◆ Data extract

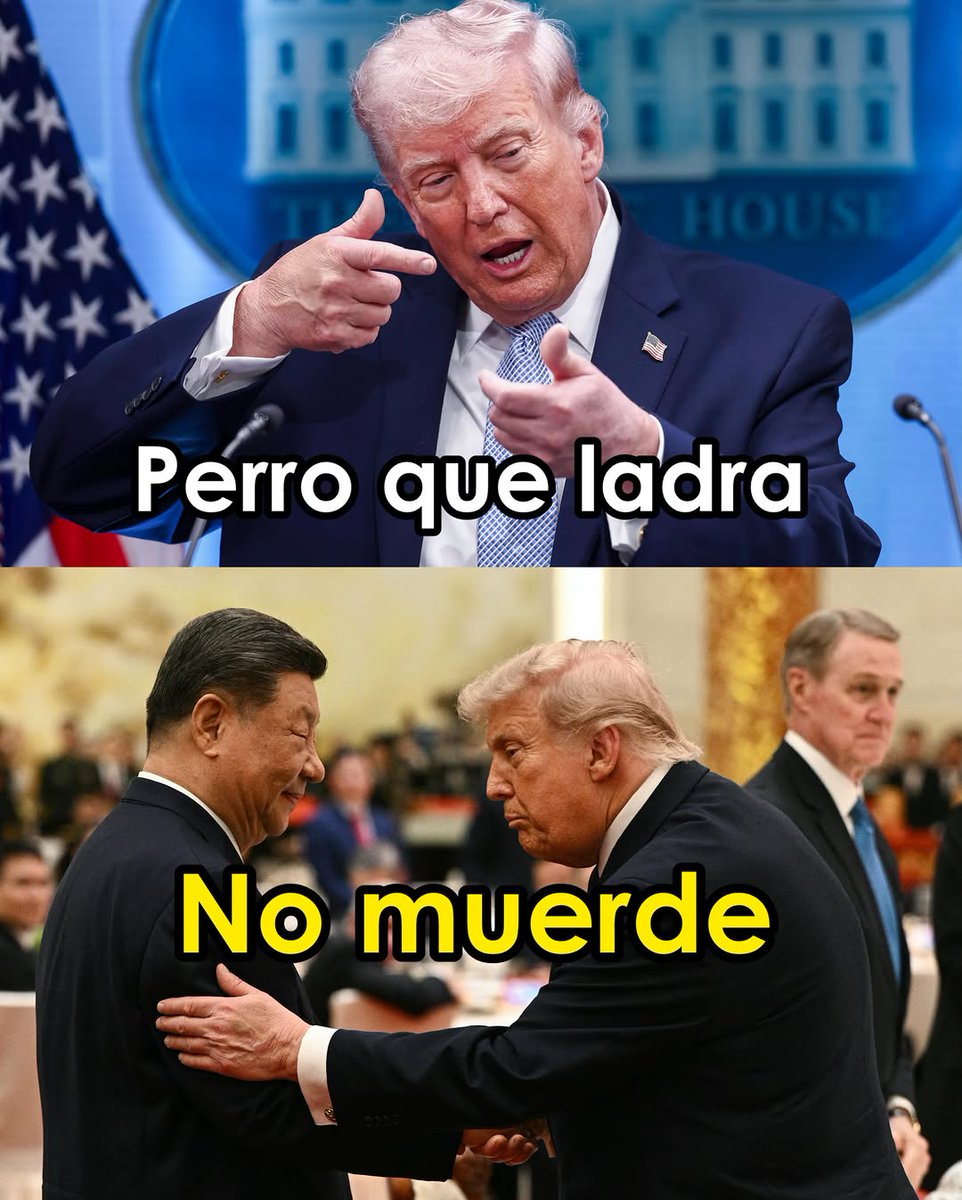 ZuritaCarpio tweet media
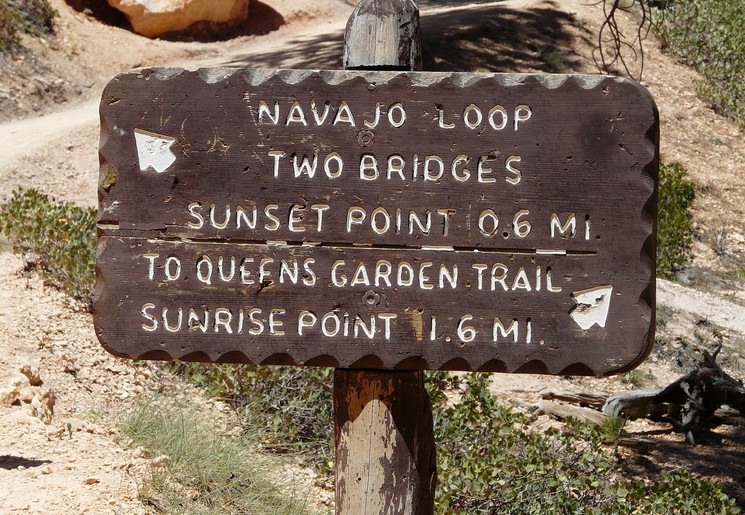 Verenigde-Staten-Bryce-Canyon-5_1_548979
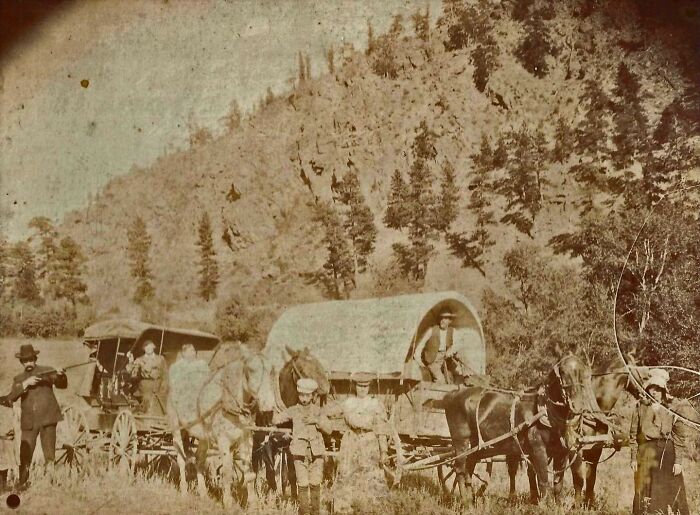 Pioneers Traveling In A Covered Wagon And A Carriage, Probably In Colorado, 1880s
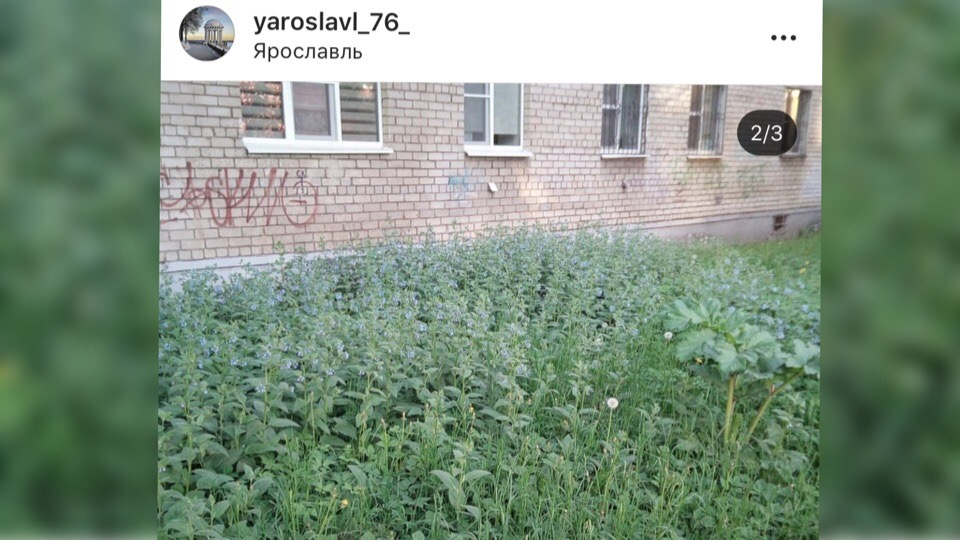 «Дети боятся ходить в сад»: ярославцы жалуются на гигантский борщевик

◆ Task to carry out
Could every line above be set down exactly, with the pictures omitted?

◆ Expected output
 ZuritaCarpio tweet media
 Verenigde-Staten-Bryce-Canyon-5_1_548979
 Pioneers Traveling In A Covered Wagon And A Carriage, Probably In Colorado, 1880s
 «Дети боятся ходить в сад»: ярославцы жалуются на гигантский борщевик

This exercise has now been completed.